Plenty of insightful approaches exist for discovering a brand’s purpose and promise. There are universally-accepted methodologies for developing brand identity and architecture. Marketing communication is -literally- a science. But I have yet to hear a branding expert who can succinctly explain what brand personality is and how to find it.
I have yet to hear a branding expert who can succinctly explain what brand personality is and how to find it.
That, actually, is not a surprise. After all, personality is psychology’s area of study, and to this date, there is no generally agreed-upon definition of personality among psychologists. (Fun fact: Did you know that there is also no consensus regarding the definition of life?) How could we expect branding experts to grasp a concept that psychologists are struggling to define in all fairness?
A guiding brand personality framework is missing
Academia has been trying to fill the void. But so far, they haven’t been able to come up with a universally-applicable framework. In the absence of a guiding approach, branding experts overcompensate using a plethora of semi-randomly-chosen descriptive adjectives. I call that approach “the adjective soup.”
Brands are becoming less distinct from one another
While the branding world is wrestling with the mystery named brand personality, the global brand consultancy BAV Group’s study showed that brands have become 200% less distinct from one another over the last two decades.
What’s right for brands also applies to places. Over the last decade, many cities, regions, and countries tried to brand themselves. The result has usually been a sea of somewhat interchangeable brand identities.
If you want to judge a brand’s distinctiveness, you can use the following cheap-and-cheerful test: Take a piece of advertisement and cover the logo. If you can’t tell which brand it is, then its personality is not distinctive enough. See if you can find the differnece among the below place logos.
Places can control some elements of their brand. For instance, destinations can manage their brand identity (i.e. logo, slogan, visuals, design, ads, etc.) But they are not in charge of their brand image — the perception of the place in the public’s mind. Brand personality falls under the latter category.
So, if a place cannot control its brand personality, then what can it do? The answer is it can influence it – with actions!

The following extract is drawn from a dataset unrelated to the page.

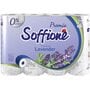 Soffione Premio Toscana Lavender Туалетная бумага 3 слоя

Enter: Dichotomous Brand Personality
Ralph Waldo Emerson once said, “What you do speaks so loudly, I can’t hear what you’re saying.” That is still true today, for behaviours are a fundamental component of personality. The content of your character is revealed in your actions and behaviours.
The BAV Group’s research that we previously mentioned offers some hope. The researchers found that brands that integrate two seemingly-opposing personality traits could break away from the norm. They use IKEA and Harley Davidson as an example: stylish yet affordable and rebellious yet social, respectively.
The same logic applies to cities and countries. If a little-known place desires to stand out from the competition, it must have a unique personality. That can be achieved by combining two seemingly-opposing personality traits. But as C.G. Jung said, “You are what you do, not what you say you’ll do.” Thus, it would help if you showed behaviours that capture the built-in tension of your personality. If you do that, you will be noticed.
Recently, Berlin just experienced that. The city’s senate placed an ad in local papers as part of a public information campaign. Instead of using polite messaging, they showed an older woman giving the middle finger to the camera. The ad reads: “A finger-wag for all those without a mask: we stick to corona rules.”
That is both authentic and dichotomous. On the one hand, Berliners are known to be outspoken, loud, vigorous, and cheerful. On the other, they lack politeness, using coarse humour. They even have a term for that: Berliner Schnauze.
I was once told that locals explain to newcomers their rudeness with the following analogy. “Berliners are like those enormous gingerbread hearts you buy at the Christmas markets that break your teeth.” Berliners use schnauze as a test to see if you have what it takes to live that lifestyle. You have to prove you can be ignored or insulted at the bar in order, finally, to get service.
Insult masqueraded as humour is the soul of Berlin. It is an authentic dichotomy. And when it is done right -like in the public information ad- it shows the German capital’s unique personality.
What is your city’s built-in tension?